The way I coped with this was by turning inward. I became exceptionally shy and withdrawn. Unlike the Gallagher kids, I was way too timid to act out. I didn’t learn many social skills when I was a kid, but I stayed out of trouble, and eventually, I learned how to study on my own. When I was about 14, I decided I wanted to go to college. That would be my means of escape.

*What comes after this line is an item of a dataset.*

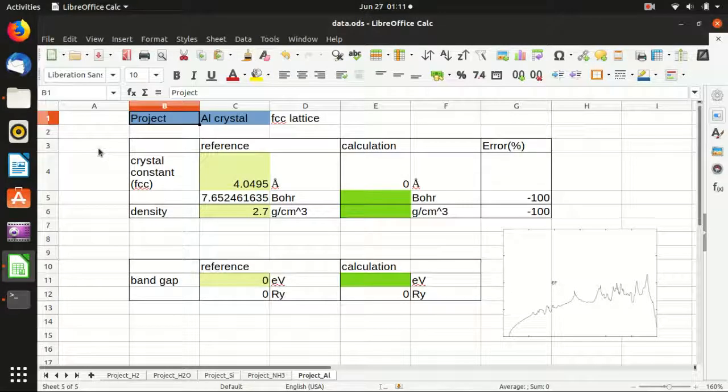Hello everyone, welcome back to my channel. In this video, I will show you how to calculate density of states of aluminum crystal.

I did engage in sexual activity when I was Deb’s age. The boy I fooled around with also came from a dysfunctional home, so both of us could slip into the woods on warm summer days and stay gone for hours without anyone even noticing. We didn’t have to explain or ask permission. No one cared. For the most part, those experiences were positive for me. I wouldn’t trade them. I wouldn’t go back and have it not happen. Given the time and the homophobic culture, it might have served me to an extent to have parents who were disengaged. Parents who were paying attention would have noticed my lack of interest in girls. Affluent parents might have even sent me to a therapist. That might have been the best thing for me if I got one who understood what was happening to me, but what if I had landed in the office of one who still believed in “curing” homos?

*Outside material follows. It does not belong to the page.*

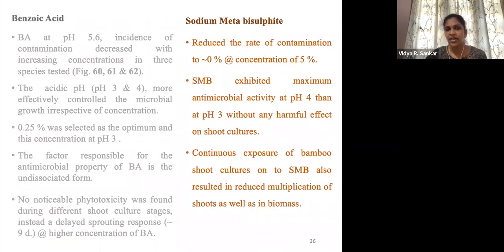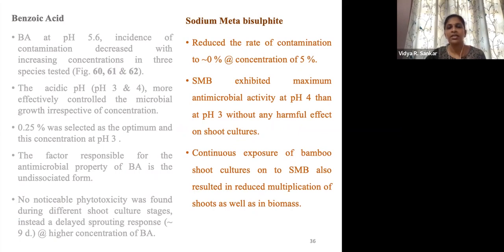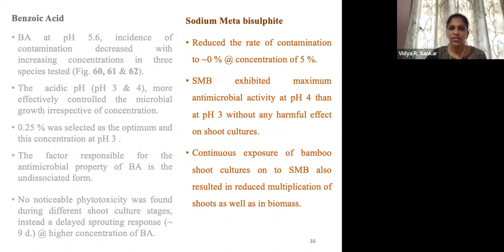We also used benzoic acid, sodium benzoate, and sodium metabisulfite. Sodium metabisulfite is not recommended because continuous exposure results in reduced multiplication of shoots as well as reduced biomass. In the case of sodium benzoate or benzoic acid, it is found to be very effective for controlling contamination in all stages and also has some growth-promoting properties.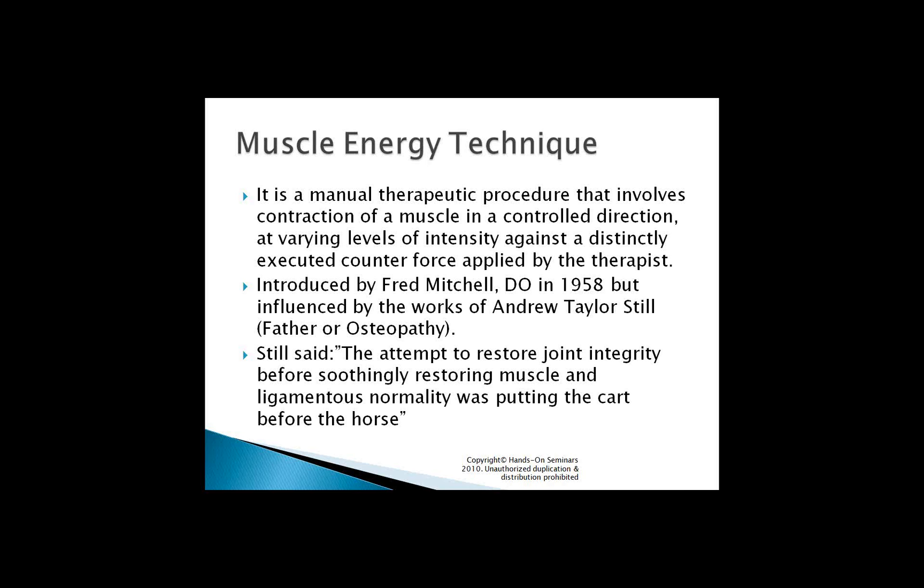When I went to school, we called it reciprocal inhibition, or antagonist reciprocal inhibition. In the old school, that was more of a PNF style, but the similarities are undeniable. Many people know it as reciprocal inhibition, and the understanding is very similar.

I wish I had someone to talk to. My special friend was willing to do things, but he didn’t want to talk about it, and at that point, he wasn’t willing to think of himself as gay. But at least I had the freedom to discover the joys of sex. However, I know it could have went terribly wrong. What if it had been an older boy who had led me into the woods with the intention of raping me? What if I had blown a boy, and he told everyone in school? So as I watched Deb go through her sexual awakening, I tensed up and waited for the shit to hit the fan. I wanted her to have a trusted and nurturing adult around to tell her that it’s okay to have those feelings, it’s okay to want those things, but you have to be careful, and there isn’t any rush.

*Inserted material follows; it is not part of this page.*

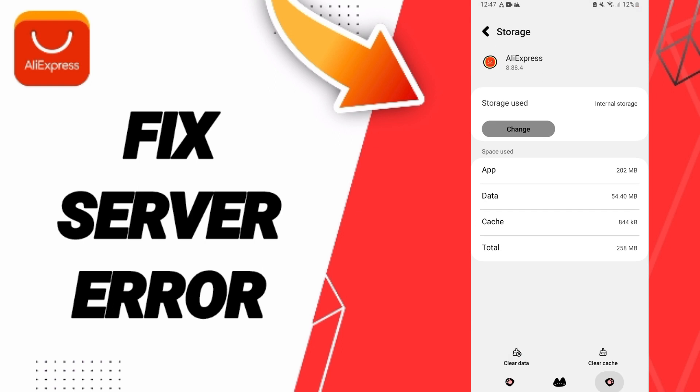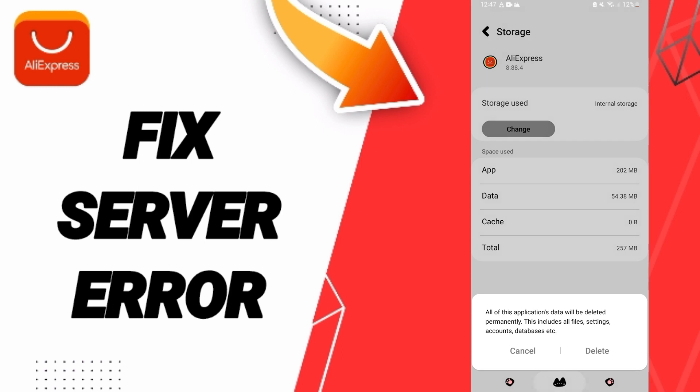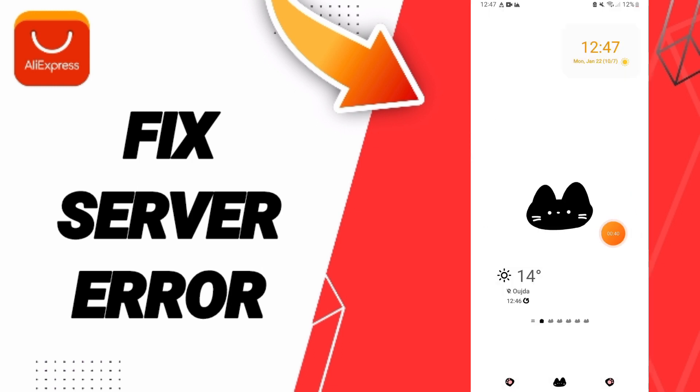Then you can click on clear cache. Don't click clear data because that can cause errors in your app.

As I watched these kids experience the consequences of bad or nonexistent parenting and remembered what it was like for me when I was their age, an idea came to me. I think it would be nice to have a kind of finishing school for young adults from dysfunctional families. When the kid is 18, and their crazy parents no longer have any legal control, they could voluntarily sign up for a two year training program. They’d have to wake up early, make their beds and engage in exercise, just like in the Army. They’d have to be clean, neat and presentable at all times. They’d be fed healthy food, and they’d have to eat it using correct table manners. They’d learn standard English and take classes that would prepare them for college. Every day, they’d see a therapist who was specially trained to help young people with neglectful or abusive parents. They would get career counseling so that they could plan their future. It would be drilled into them every day that they could achieve their goals so long as they were reasonable and they worked steadily toward them. They would learn coping skills and social skills, skills that would help them thrive. It would be an intensive, nurturing and highly disciplined program. I could have used a school like that. I think it would have helped a great deal.

2 comments:

  1. I am glad you found some-one to "go into the woods" with. I sure wish I had. I an still afraid to come out.
    I would add to the post-18 agenda: let the person know they are loved. Being loved by some-one is the most important thing there is.